**WHAT IS BEING ASKED**
Return the data below unchanged, without images.

== == ==

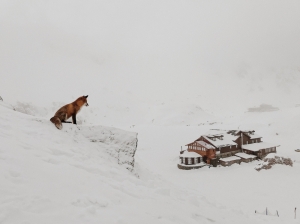 Beautiful fox watching over a cabin by a frozen lake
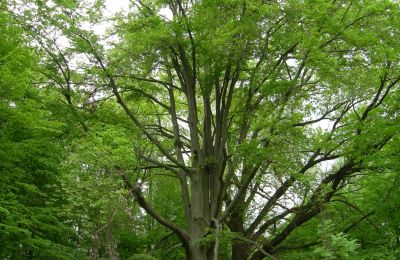 Slott till salu Gwoździany, Spółdzielcza 4a, województwo śląskie:  Park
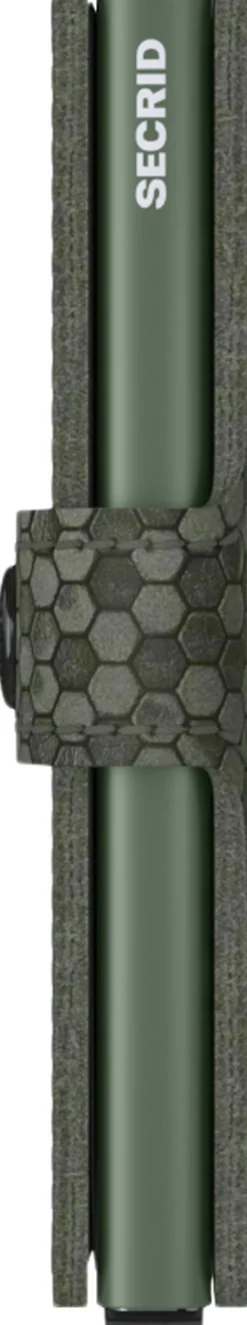 MHe-Green><noscript><img width=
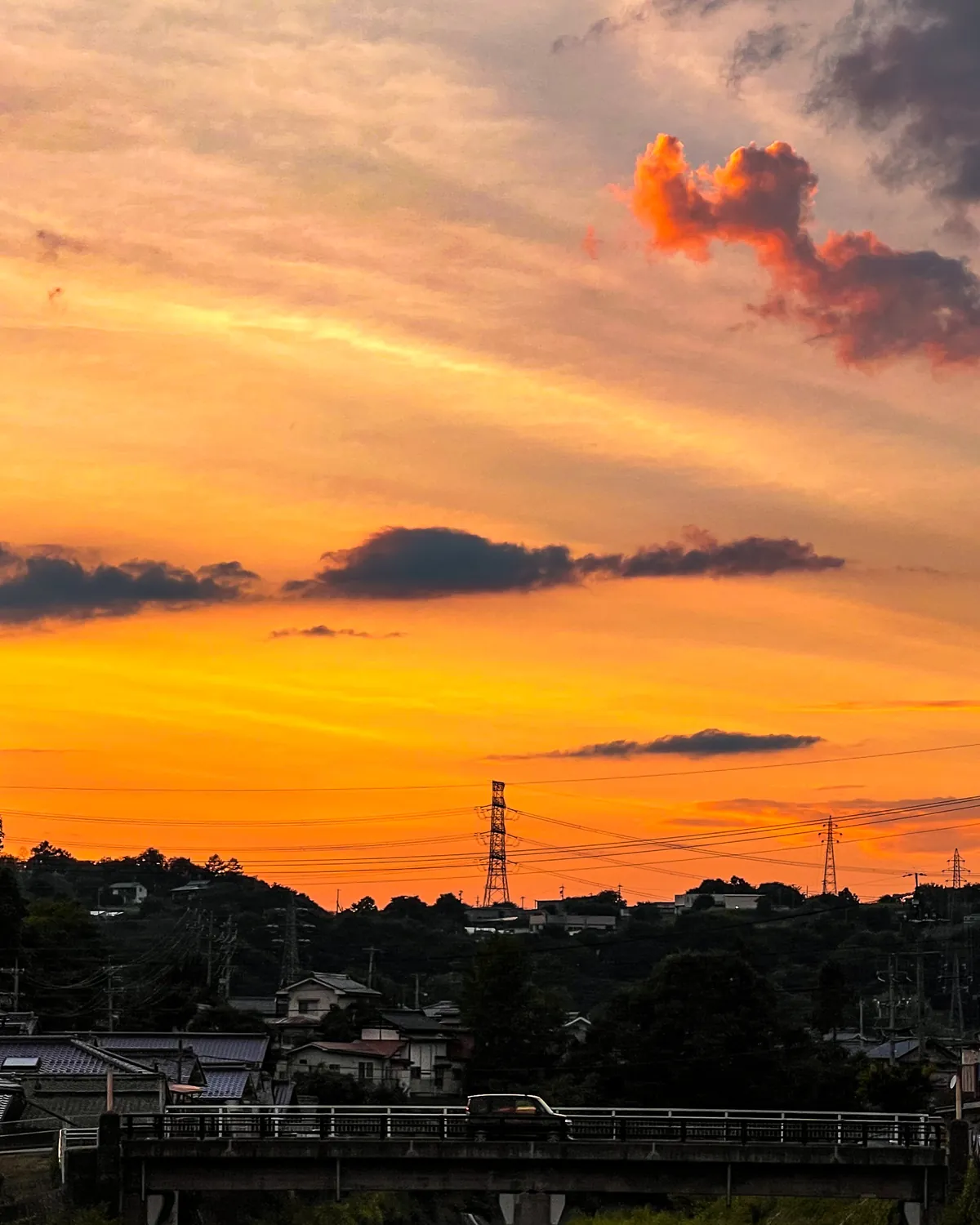 Kankokuma — Sunset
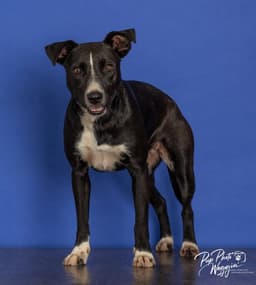 Lila image 1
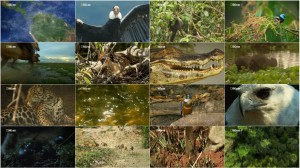 Serrania de la Macarena - Natures Treasure Trove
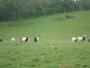 Goats ahoy Goats ahoy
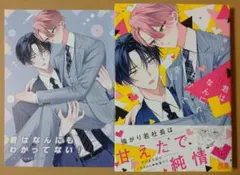 【君はなんにもわかってない! 】アニメイト4Pリーフレット付き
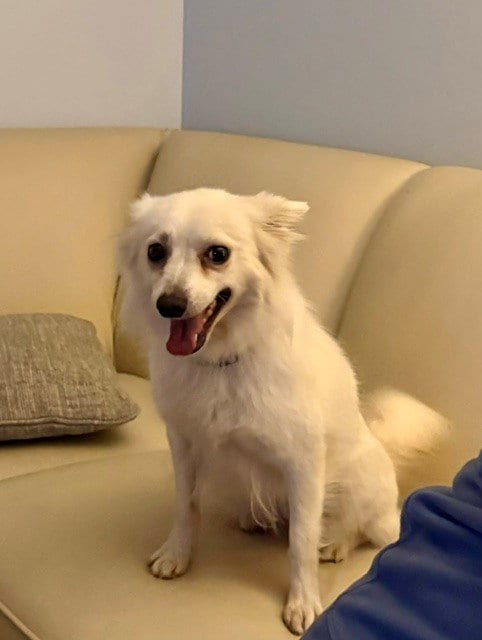 Photo of Snow, adoptable American Eskimo Dog in Fort Wayne, Indiana
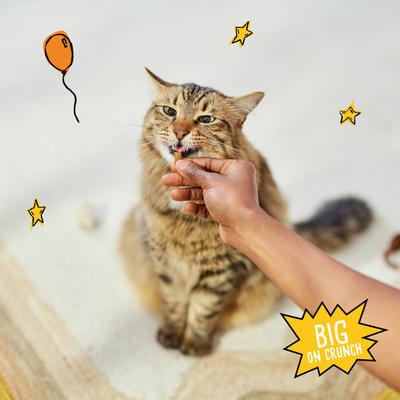 Show full view: Tiny Tiger Chicken Chompers Flavor Filled Crunchy Cat Treats, 3-oz bag slide 7 of 8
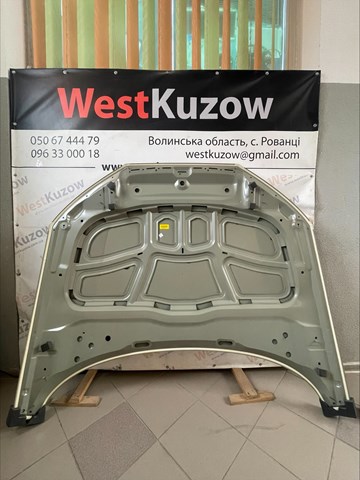 PAD20026A Signeda Капот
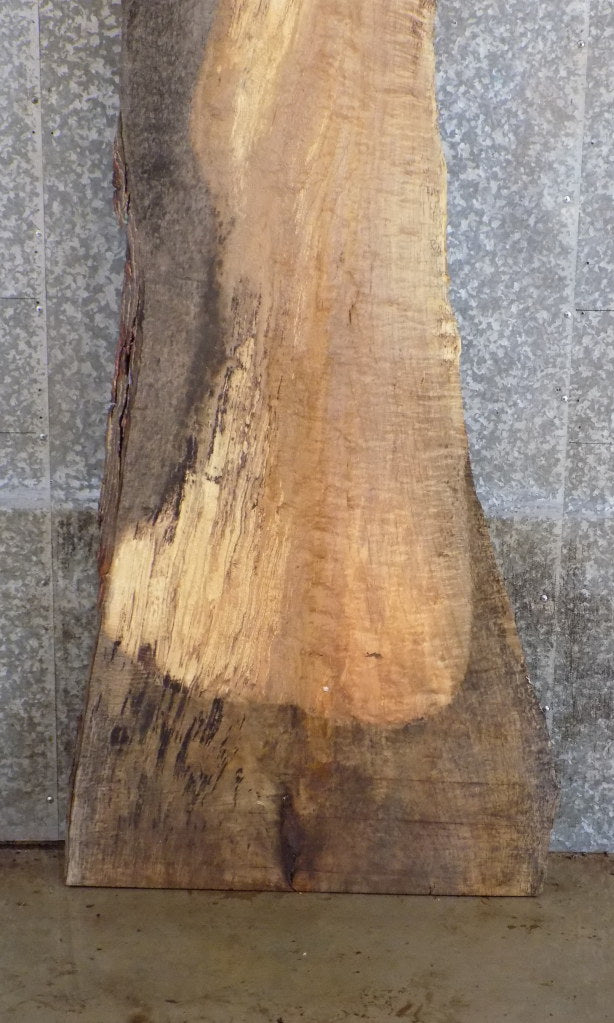 Live Edge Bark Spalted Maple Table Top Wood Slab 39126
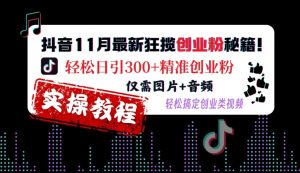 抖音11月最新狂揽创业粉秘籍，轻松日引300+精准创业粉，仅需图片+音频，轻松搞定创业类视频-大齐资源站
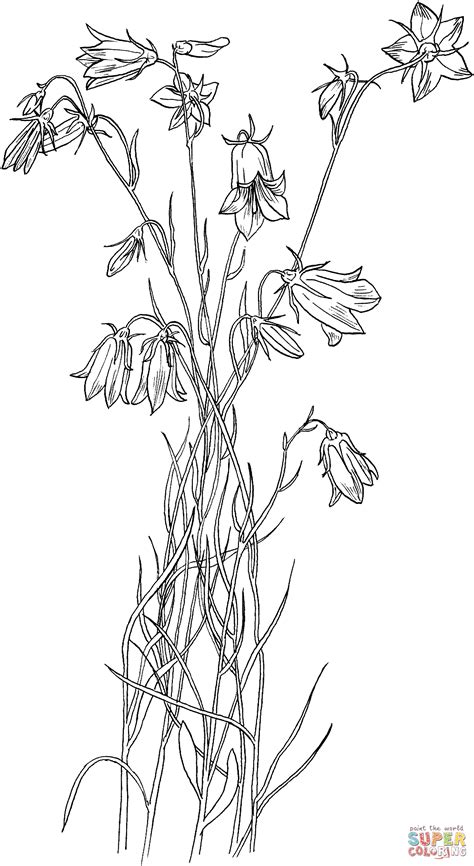 Bluebell Bellflower Coloring Online Super Coloring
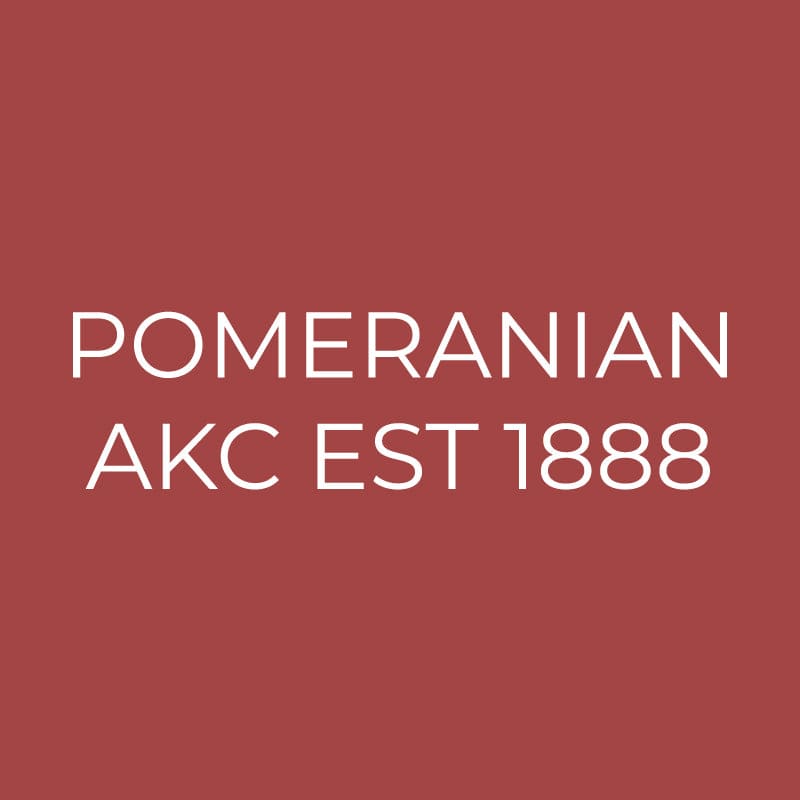 Pomeranian Embroidered AKC Quarter Zip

== == ==

**ANSWER AREA**
 Beautiful fox watching over a cabin by a frozen lake
 Slott till salu Gwoździany, Spółdzielcza 4a, województwo śląskie:  Park
 MHe-Green><noscript><img width=
 Kankokuma — Sunset
 Lila image 1
 Serrania de la Macarena - Natures Treasure Trove
 Goats ahoy Goats ahoy
 【君はなんにもわかってない! 】アニメイト4Pリーフレット付き
 Photo of Snow, adoptable American Eskimo Dog in Fort Wayne, Indiana
 Show full view: Tiny Tiger Chicken Chompers Flavor Filled Crunchy Cat Treats, 3-oz bag slide 7 of 8
 PAD20026A Signeda Капот
 Live Edge Bark Spalted Maple Table Top Wood Slab 39126
 抖音11月最新狂揽创业粉秘籍，轻松日引300+精准创业粉，仅需图片+音频，轻松搞定创业类视频-大齐资源站
 Bluebell Bellflower Coloring Online Super Coloring
 Pomeranian Embroidered AKC Quarter Zip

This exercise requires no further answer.